Le mystère des quatre amis de Psyché
L’identité supposée des quatre amis qui promènent le récit des Amours de Psyché (1669) dans les allées de Versailles a suscité depuis longtemps une curiosité fébrile. Comme un débat oppose Gélaste (« le rieur ») et Ariste (« le meilleur ») sur les mérites comparés de la comédie et de la tragédie, on a cru y reconnaître Molière et Racine. Le lyrisme d’Acante, teinté de mélancolie, le distribuait approximativement en Boileau, qui passe pour avoir été d’humeur sombre. Et Poliphile (« celui qui aime tout »), auteur du récit qu’il soumet au jugement des trois autres, ne pouvait être que La Fontaine, qu’on reconnaissait dans l’hymne à la volupté imité de Lucrèce qui conclut la promenade par une profession de foi hédoniste : « J’aime le Jeu, l’Amour, les Livres, la Musique, / La Ville et la Campagne, enfin tout, il n’est rien / Qui ne me soit souverain bien, / Jusqu’au sombre plaisir d’un cœur mélancolique. »
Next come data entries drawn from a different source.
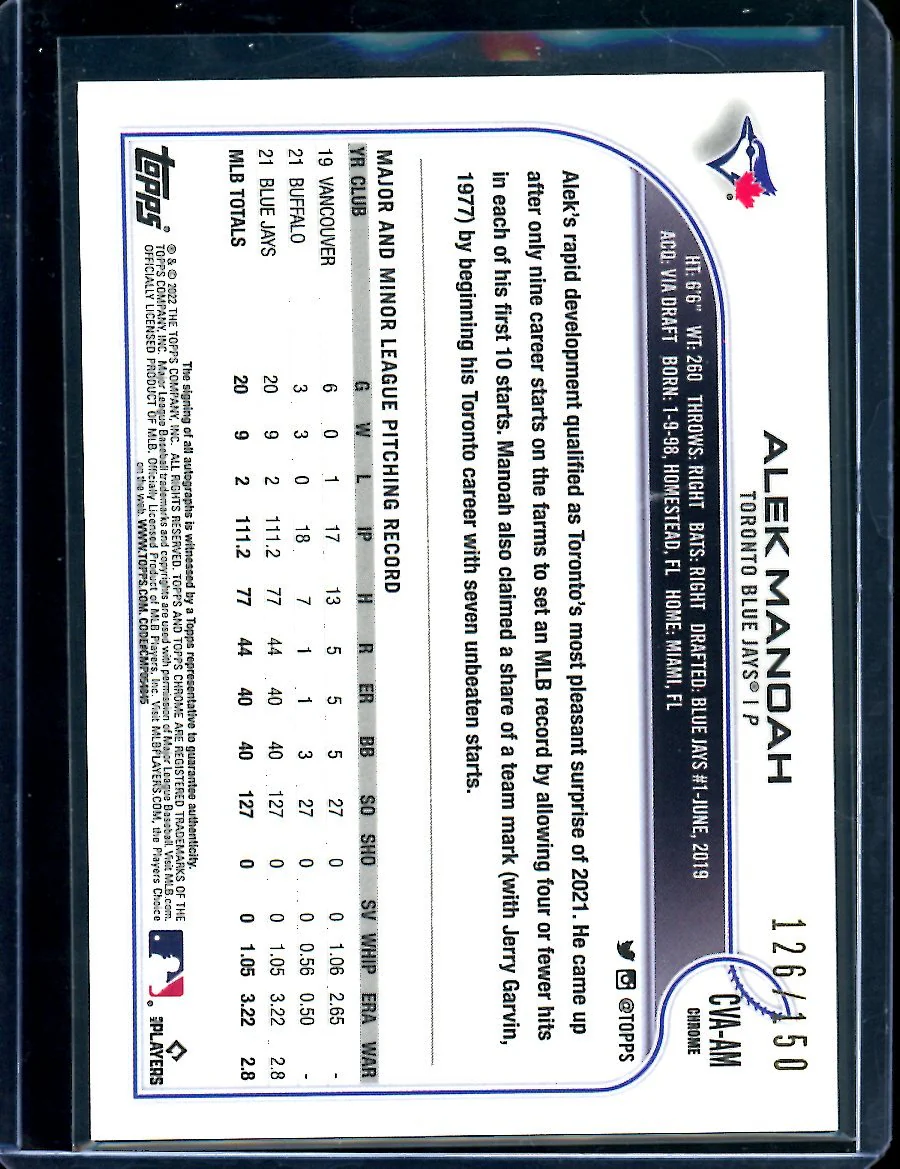 2022 Topps Chrome Alek Manoah Blue Wave Auto /150 Blue Jays - Image 2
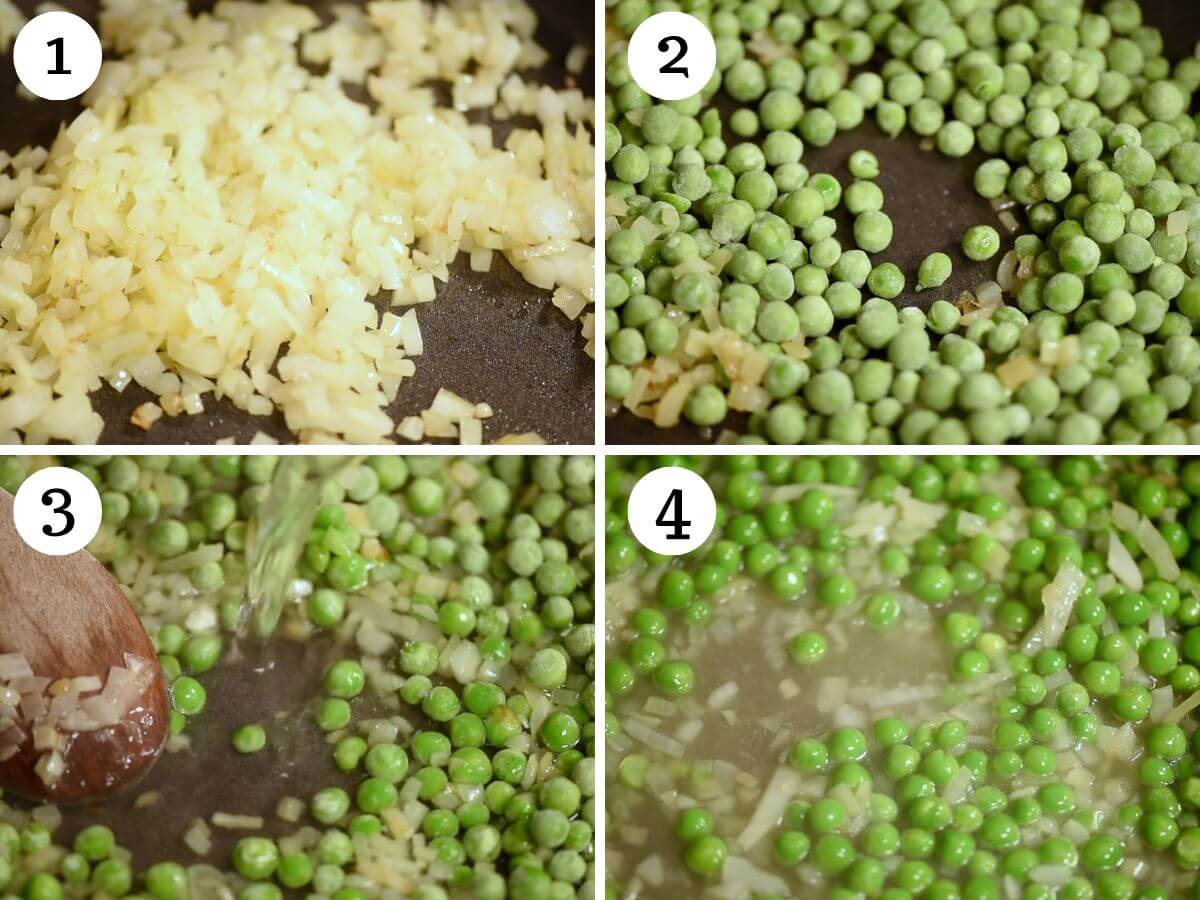 Four photos in a collage showing how to saute onions and peas.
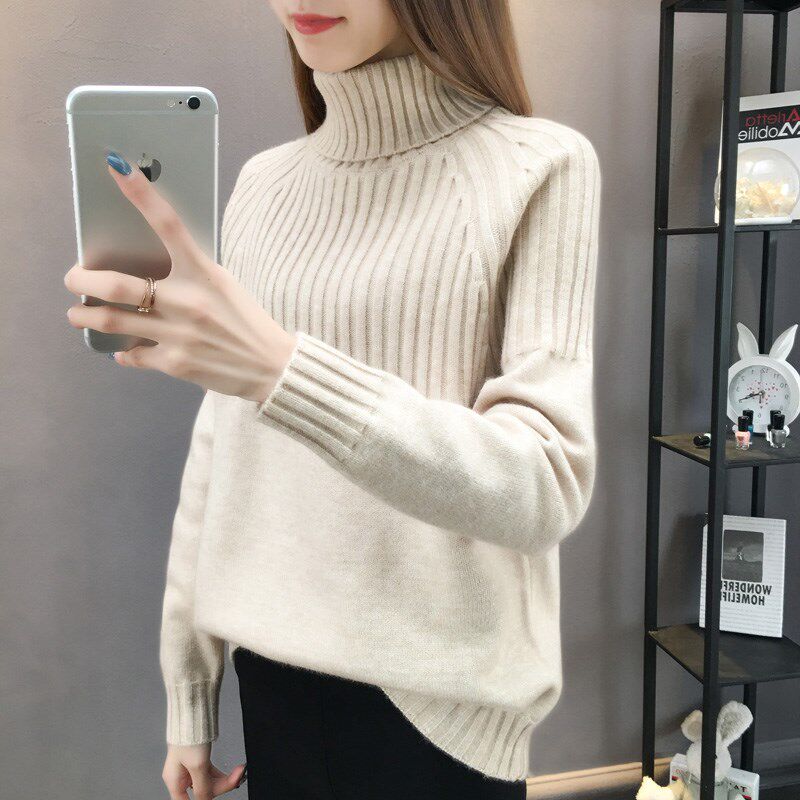 女士网红高领毛衣女2024年新款宽松加厚套头洋气打底W衫女秋冬外图片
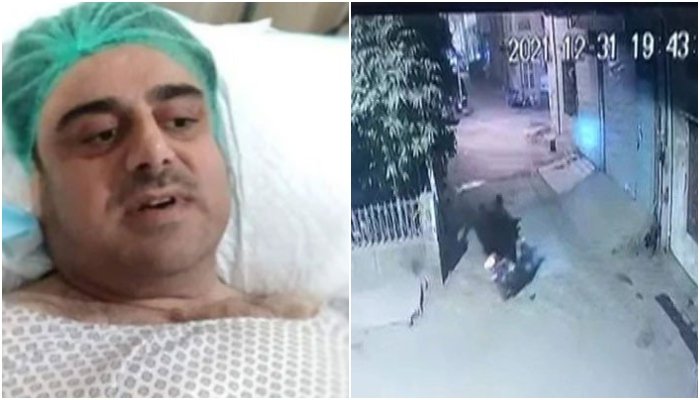 Snapshot showing Bilal Yaseen lying on a hospital bed (L) while the second picture shows a still from a CCTV footage of the crime — Screengrab via Geo News.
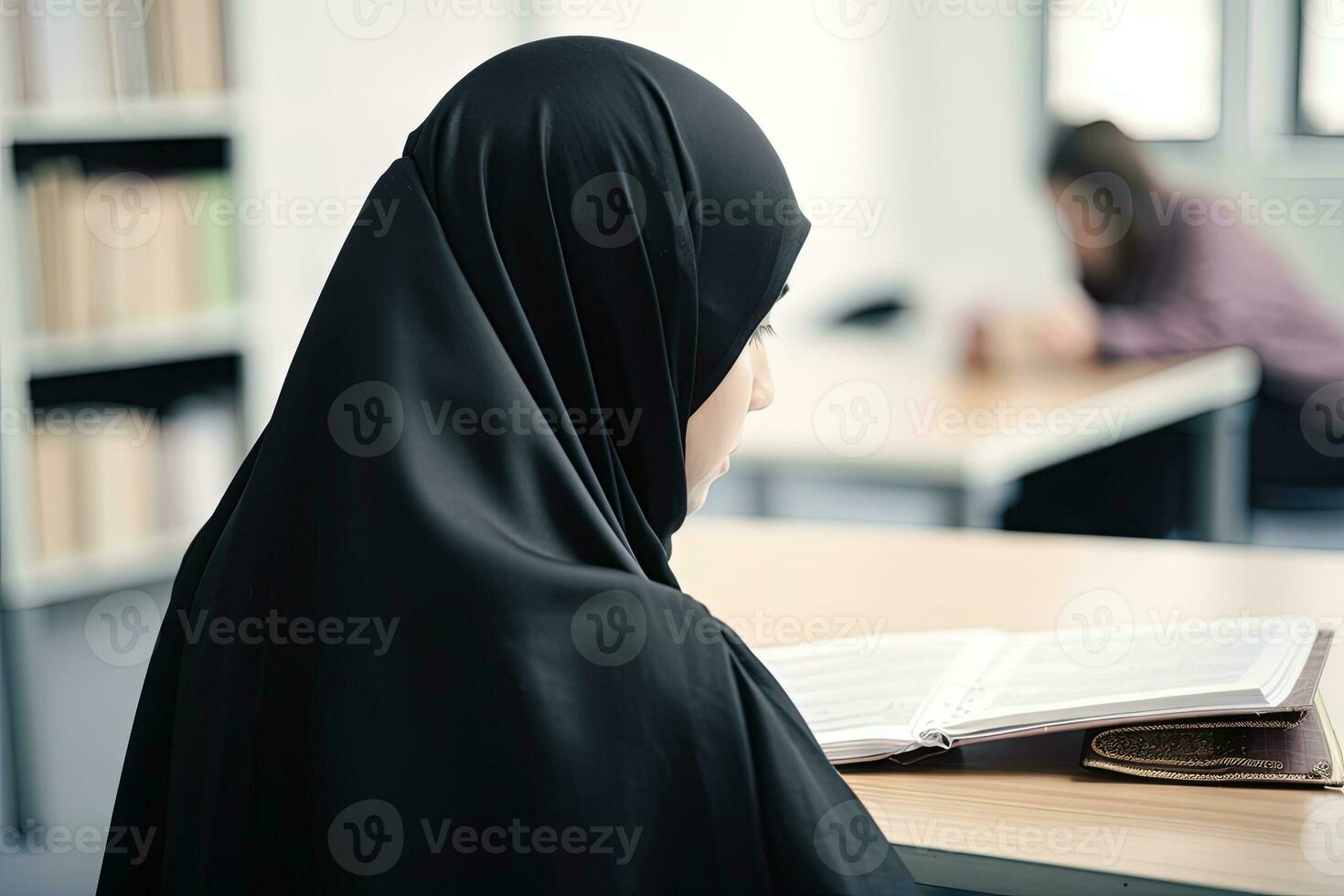 Muslim woman reading a book in a library. Student studying, education concept. Generative AI. photo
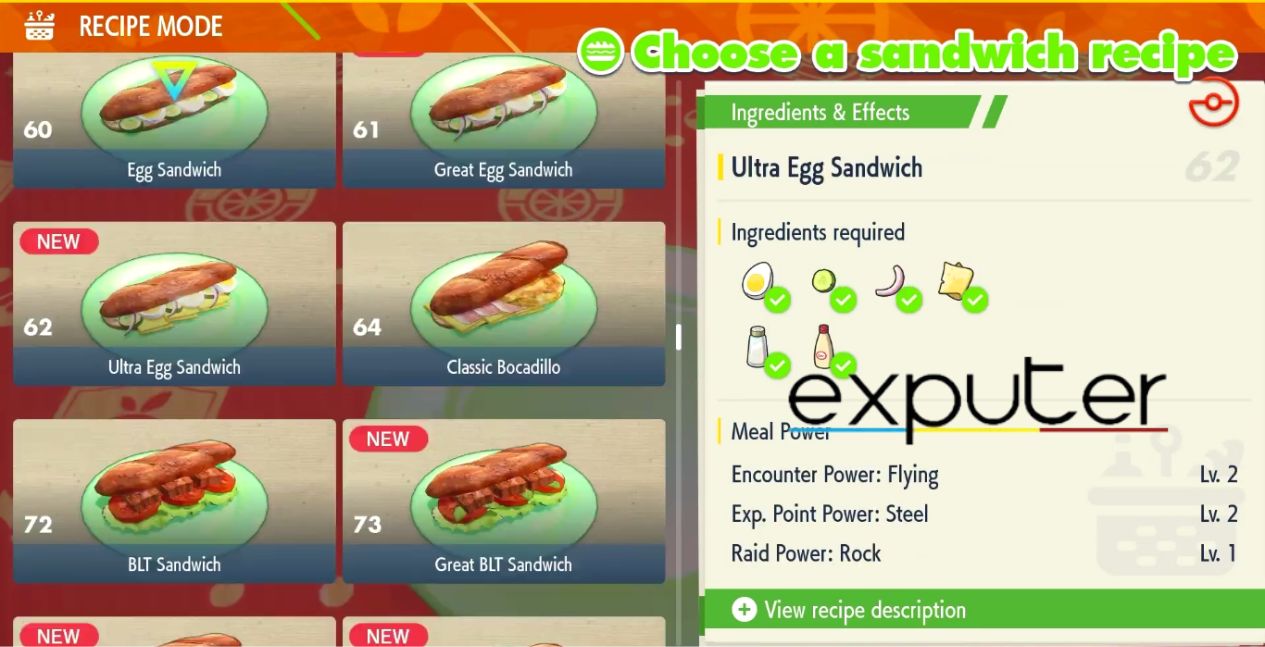 Pokemon Scarlet And Violet All Sandwich Recipes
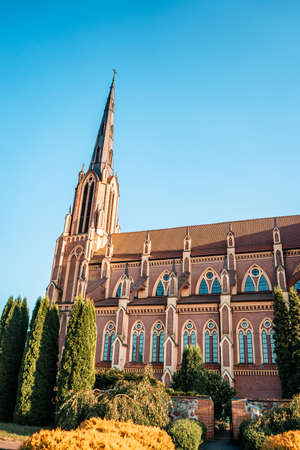 Hervyati, Belarus - July 10, 2021: Catholic Church in Hervyati, Belarus. The neo-Gothic architecture.のeditorial素材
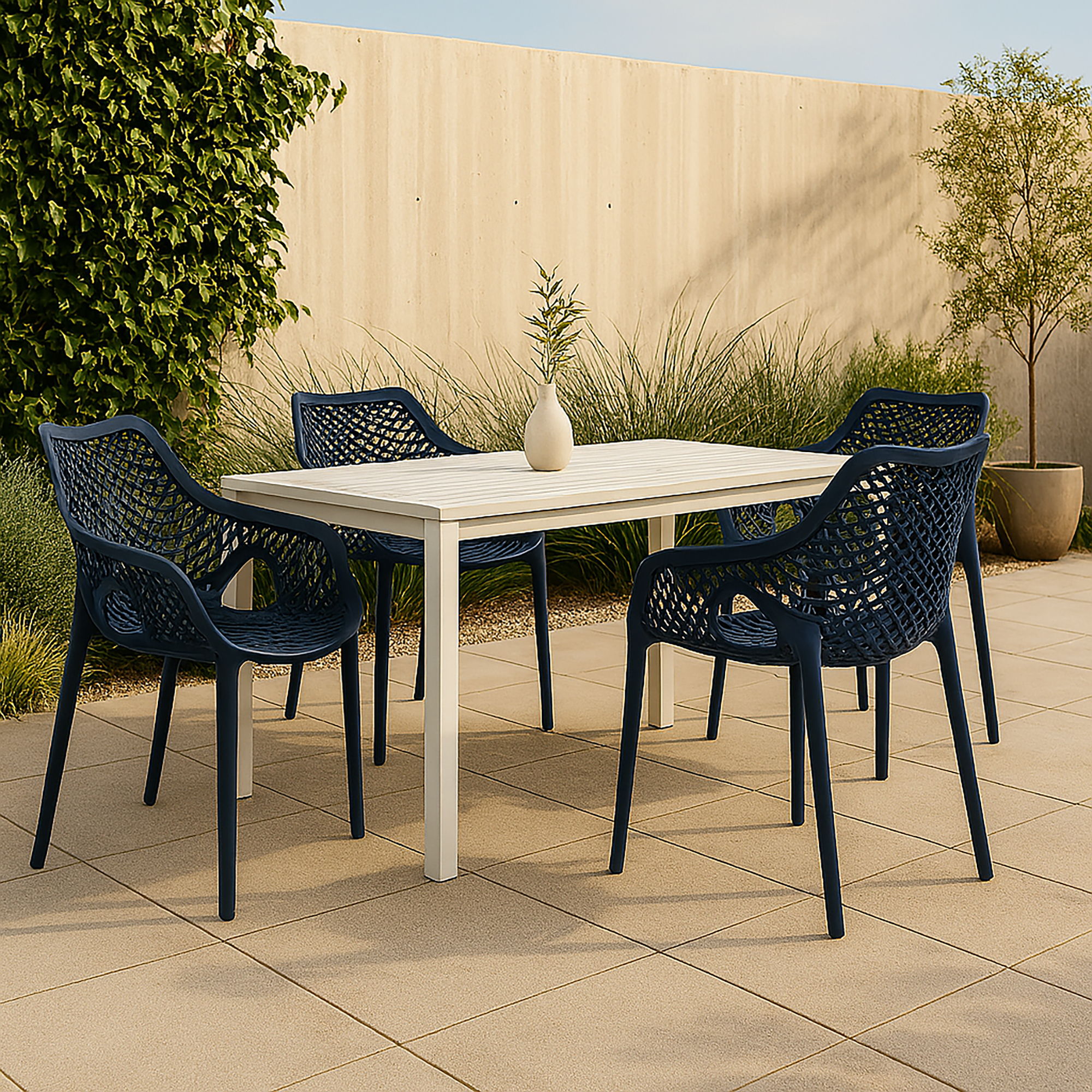 Mykonos - Outdoor Patio Dining Chair (Set of 4) - Navy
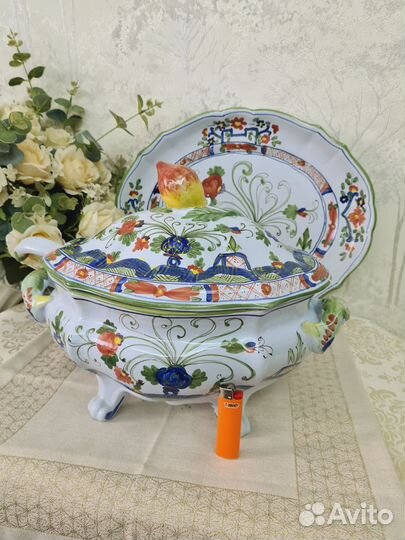 Набор огромная супница и блюдо. Италия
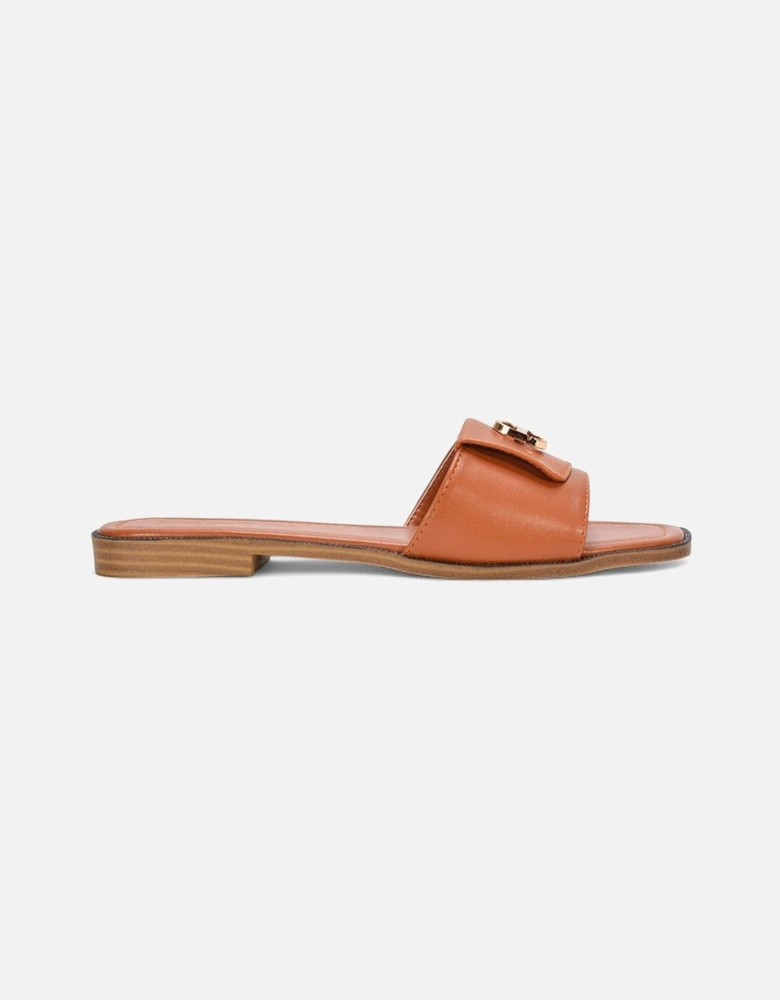 'Leigh' Open Toe Foldover Buckle Slip On Flat Slider Mules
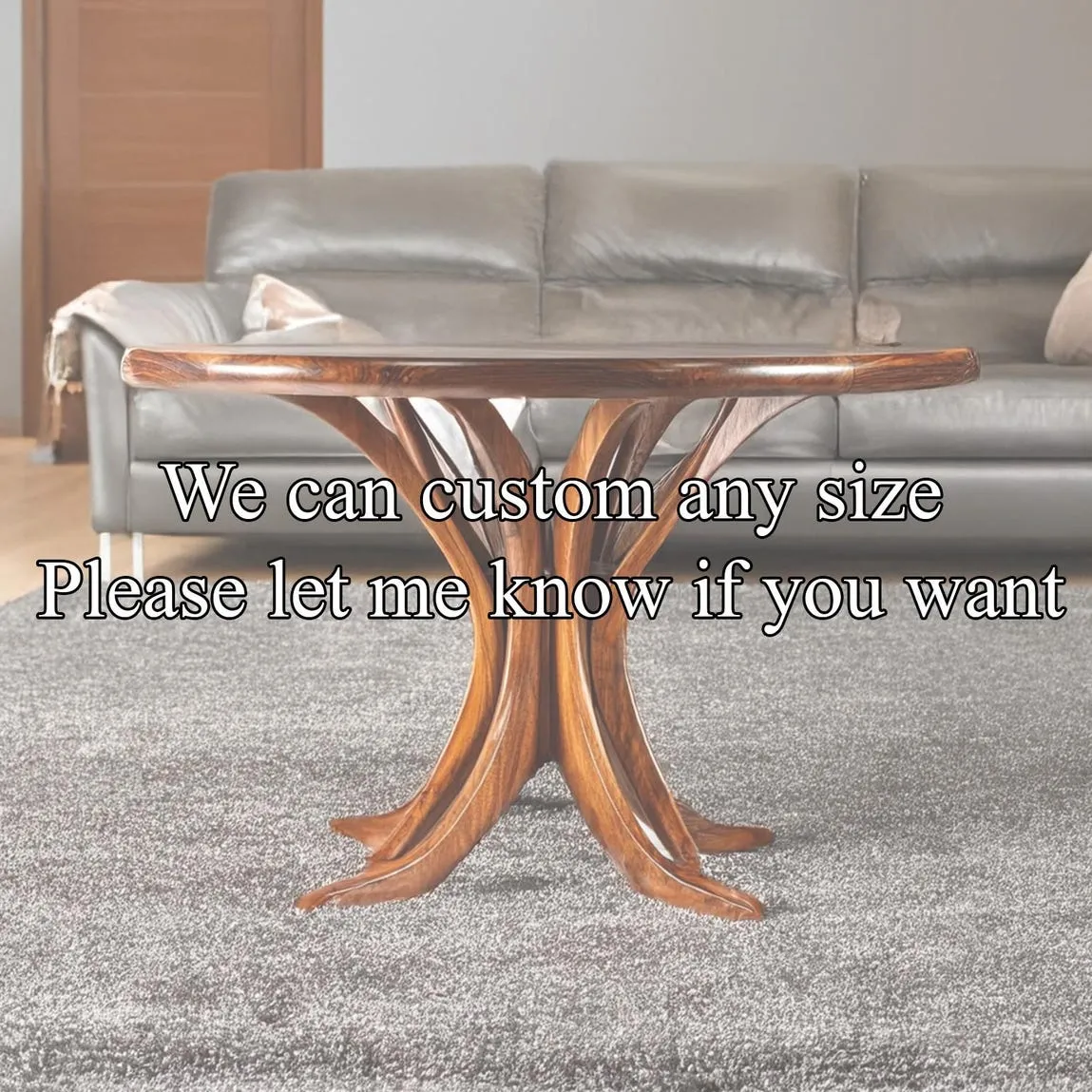 Custom coffee table solid wood handmade unique wooden live edge table entryway table decor living room gift her - Image 2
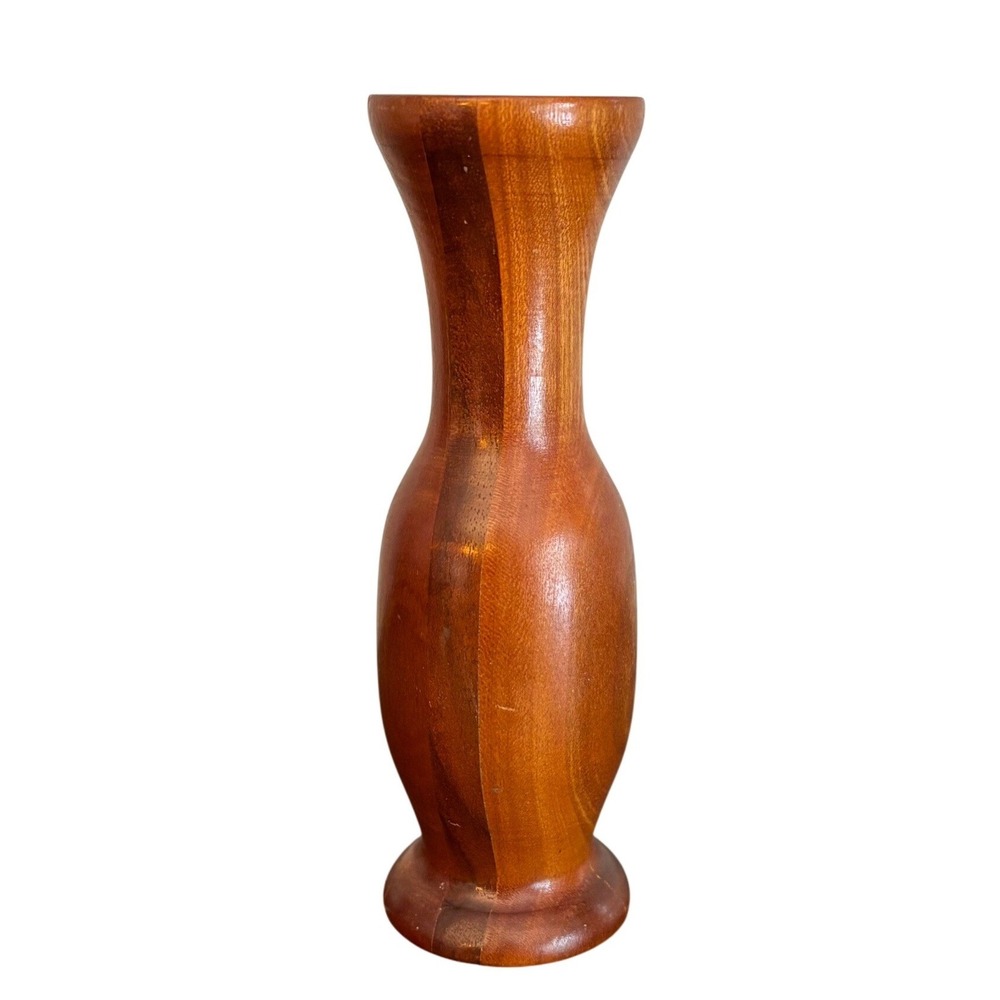 Vintage Handcrafted Wood Bud Vase | 6 Inch | Mid Century‎ Modern Decor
Le temps passant et la lecture s’affinant, on a tenté d’autres identifications, moins grossièrement évidentes. Sans doute aurait-on été mieux inspiré de considérer qu’Ariste et Gélaste avaient déjà fait une brève apparition dans Le Songe de Vaux inachevé et que leur débat y figurait sans doute dans le passage où le dormeur, qui s’appelle déjà… Acante, visite la chambre des Muses où sont représentées Thalie et Melpomène : La Fontaine l’y aura prélevé. Quant à Poliphile, c’est le nom du héros allégorique de l’Hypnerotomachia Poliphili (Le Songe de Poliphile), récit initiatique et allégorique de la Renaissance (1499), auquel La Fontaine référera justement le genre du songe littéraire dans les fragments publiés du Songe de Vaux en 1671. Psyché recyclait ainsi tout simplement l’esprit et la lettre de l’ouvrage interrompu par la chute de Fouquet. On a eu tort de chercher dans la réalité la clef de la fiction.